🤖 AI Summary
Existing event-processing methods struggle to simultaneously achieve fine-grained temporal modeling, polarity awareness, and efficient long-sequence representation, while heavily relying on frame- or voxel-based conversions—introducing information loss, high computational overhead, and parameter inefficiency. To address these limitations, we propose the Frequency-aware Event Cloud Network (FECNet), the first architecture that integrates event cloud representation with Fourier-domain feature extraction to directly model the 2S-1T-1P (two spatial dimensions, one temporal dimension, one polarity dimension) spatiotemporal structure of event camera data. FECNet introduces an event cloud grouping sampling module and a lightweight MAC-optimized backbone. Evaluated on event-based object classification, action recognition, and human pose estimation, FECNet achieves significant improvements in both accuracy and inference efficiency, while drastically reducing multiply-accumulate (MAC) operations.
📝 Abstract
Event cameras are biologically inspired sensors that emit events asynchronously with remarkable temporal resolution, garnering significant attention from both industry and academia. Mainstream methods favor frame and voxel representations, which reach a satisfactory performance while introducing time-consuming transformation, bulky models, and sacrificing fine-grained temporal information.
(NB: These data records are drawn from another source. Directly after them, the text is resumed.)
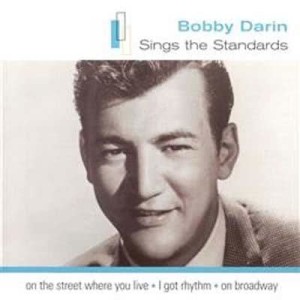 ดาวน์โหลดและฟังเพลง Moon River พร้อมเนื้อเพลงจาก Bobby Darin
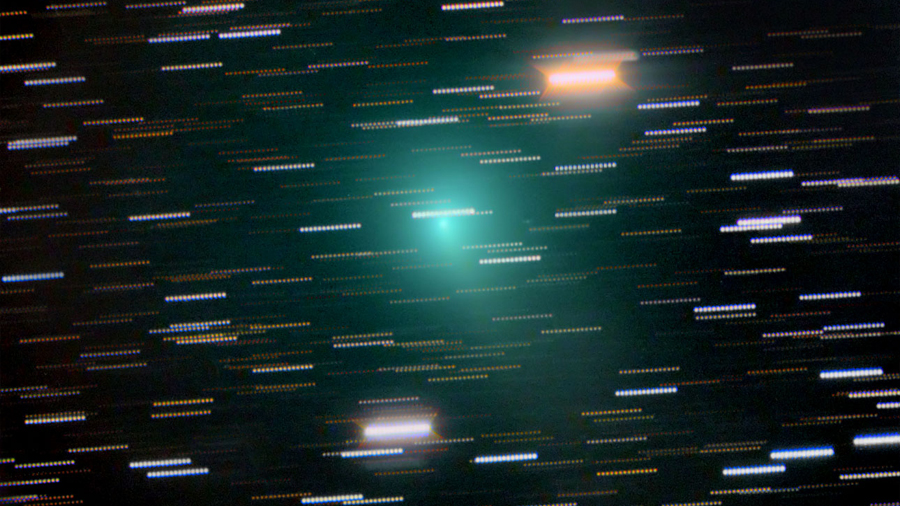 Un cometa frena su rotación al acercarse a la Tierra
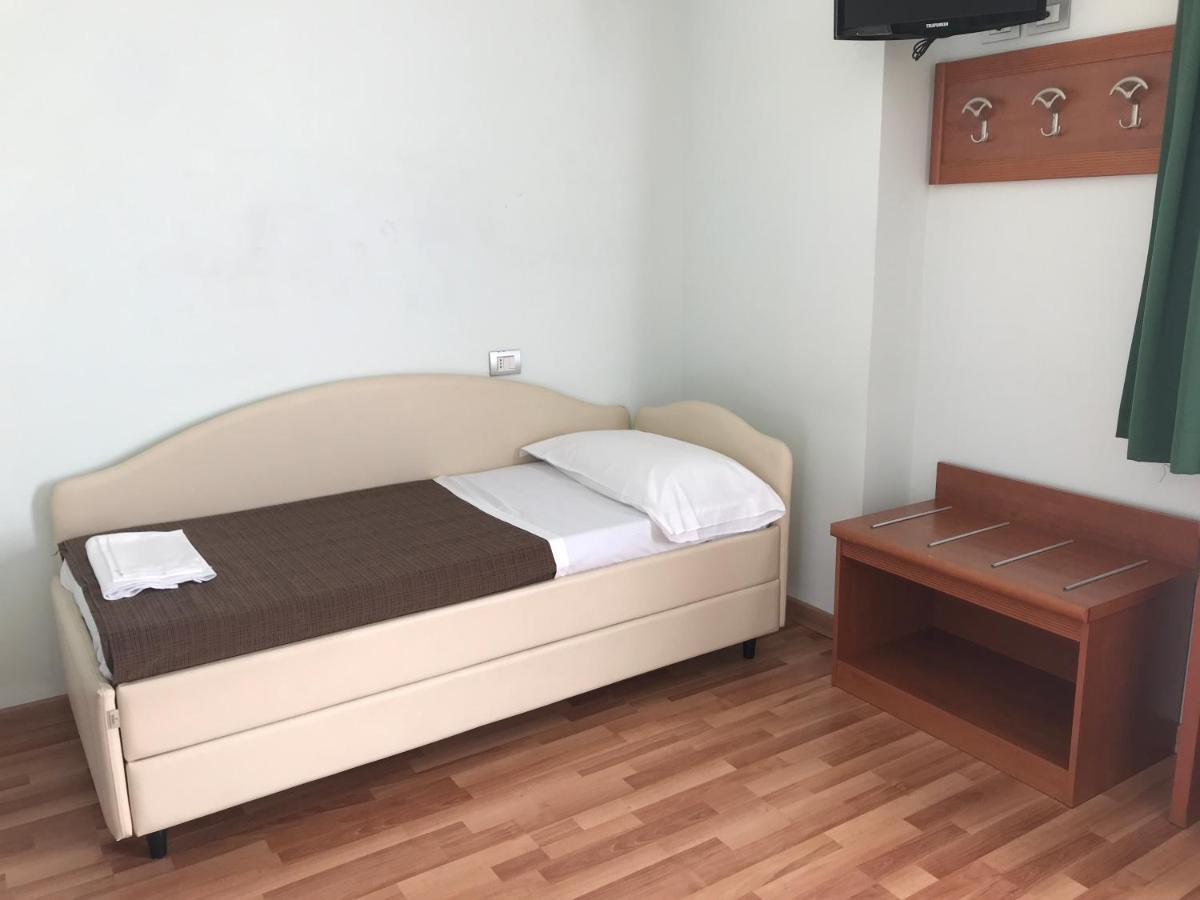 Hotel Donnini Assisi Bagian luar foto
Alternatively, Point Cloud representation demonstrates promise in addressing the mentioned weaknesses, but it ignores the polarity information, and its models have limited proficiency in abstracting long-term events' features. In this paper, we propose a frequency-aware network named FECNet that leverages Event Cloud representations. FECNet fully utilizes 2S-1T-1P Event Cloud by innovating the event-based Group and Sampling module. To accommodate the long sequence events from Event Cloud, FECNet embraces feature extraction in the frequency domain via the Fourier transform. This approach substantially extinguishes the explosion of Multiply Accumulate Operations (MACs) while effectively abstracting spatial-temporal features. We conducted extensive experiments on event-based object classification, action recognition, and human pose estimation tasks, and the results substantiate the effectiveness and efficiency of FECNet.